6.    SHARE CAPITAL (Continued)

      (d)   Options (Continued)

            The fair value of all options including those disclosed as pro forma
            compensation expense and warrants were estimated using a Black
            Scholes option-pricing model and based on the following assumptions:

                                                                2004
                                                                ----

            Dividend yield (%)                                   0.0
            Expected stock price volatility (%)                  185
            Risk free interest rate (%)                          4.9
            Expected life of options (years)                      1
                                                                ----

            At June 30, 2004, 15,212,200 shares of common stock were reserved
            including 6,667,500 shares reserved for issuance under stock option
            agreements and 8,239,000 reserved for issuance in conjunction with
            outstanding warrants.

      (e)   Per share amounts

            The loss per common share computations is based on the weighted
            average number of shares outstanding, which was 137.7 million (Year
            2003 - 113.7million). Diluted earnings per share amounts are not
            recorded, as these amounts would be anti- dilutive.

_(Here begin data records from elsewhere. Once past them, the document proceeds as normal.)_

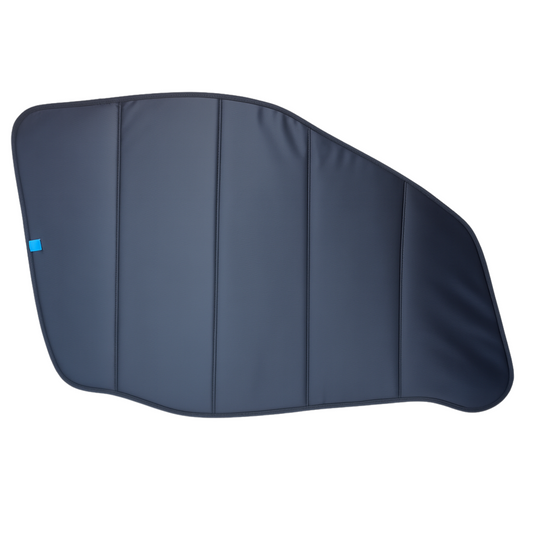 Citroen Relay, Fiat Ducato & Peugeot Boxer Magnetic Thermal Van Window Blinds | Custom Fit Blackout Insulated Shades | ZÉAUSA Van Gear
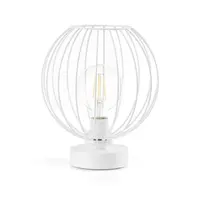 STOLNÍ LAMPA, E27, 25/25/28 cm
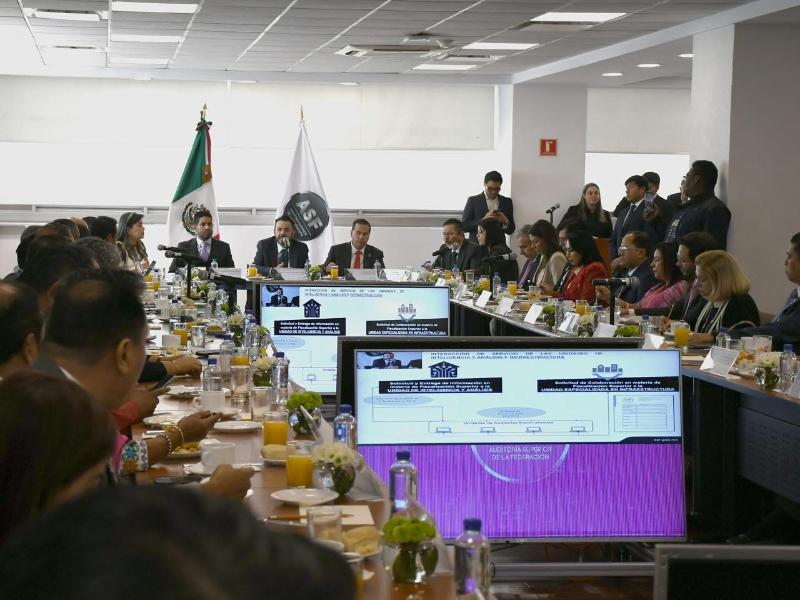 ASF investiga posibles irregularidades en el INE y organismos electorales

7.    RELATED PARTY TRANSACTIONS, SHORT-TERM LOANS & BALANCES

      (a)   Management and consulting fees:

            During the six months ended June 30, 2004 general and administrative
            expenses included fees charged by directors, officers and/or
            companies controlled by them at what management believes are market
            rates under commercial terms totaling $172,683 (2003 - $261,117).
            Included in accounts payable and accrued liabilities at June 30,
            2004, is $412,756 (2003 - $69,673) owed to directors, officers
            and/or companies controlled by them.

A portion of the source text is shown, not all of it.